L’envers de l’invisible

Deux photographies semblent cohabiter, se faire face : celles où le visage est visible, où le regard se dirige vers la caméra ou vers un ailleurs, et celles où le visage est caché, couvert par les mains, par un tissu, ou encore par un objet fort en signification – une bible, dans le cas de Julian, éduqué dans une famille mormone. Qu’elle réponde à une obligation de se cacher ou non, cette contrainte devient instantanément l’élément central de l’image, la représentation matérielle de ce que peut-être un quotidien lorsqu’on est LGBT+. Visible, invisible, montré, caché… le désir, qui va de soi lorsqu’on est dans la norme, devient un enjeu lorsqu’on ne s’y inscrit pas, un motif de jugement et de discrimination.

Au fil des pages – des Polaroïds – se dessine nettement un panorama de celles et ceux qui sont concernés par la discrimination, et qui la vivent au jour le jour dans leurs corps. Kenya, Venezuela, France, États-Unis, Russie… aucun pays n’est épargné. L’homophobie se vit partout, se manifeste plus ou moins violemment, mais sans réelle distinction.

Que ce soit avec ce livre ou avec son projet en ligne, Robin Hammond montre clairement que les personnes qui subissent l’oppression sont souvent les plus modestes, celles qui ont vécu un déclassement social à cause du rejet, qui ne peuvent pas dire qui elles sont vraiment par peur de perdre leur travail, leur logement, leur vie ; il rappelle par la même occasion que si les conditions matérielles n’effacent pas la discrimination, ils permettent néanmoins d’éviter de nombreuses situations qui confrontent à l’homophobie.

Plutôt que de tenter de trouver une solution maladroite à cette nécessité de montrer les choses, Robin Hammond semble au contraire poser une question : comment mettre en image celles et ceux qui, fondamentalement, doivent se cacher ? En guise de réponse, il constitue ici un vaste corpus de portraits uniques en prenant le temps de la mise en scène, en accordant à chaque personne ou à chaque couple un espace et un moment privilégié.

Mettre en lumière les portraits et les témoignages dans un grand et beau livre est une manière d’accorder une certaine importance à ces représentations, d’attribuer à ces récits une valeur et un poids qui leur sont souvent retirés. Robin Hammond rappelle combien, en plus de l’adversité dans laquelle elles vivent leur désir au quotidien, ces personnes photographiées souffrent généralement d’une forte invisibilisation.

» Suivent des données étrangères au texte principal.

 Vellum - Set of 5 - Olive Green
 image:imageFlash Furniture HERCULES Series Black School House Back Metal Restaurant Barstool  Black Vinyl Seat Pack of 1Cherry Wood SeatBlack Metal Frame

Couverture de Where Love Is Illegal © Robin Hammond/Witness Change

Where Love Is Illegal est disponible aux éditions Bessard au tarif de 75 €, pour 160 pages dont 80 reproductions couleur. Ce livre se base sur un projet en ligne du même nom, créé et dirigé également par Robin Hammond, qui vise à documenter des récits LGBT+ dans le monde entier.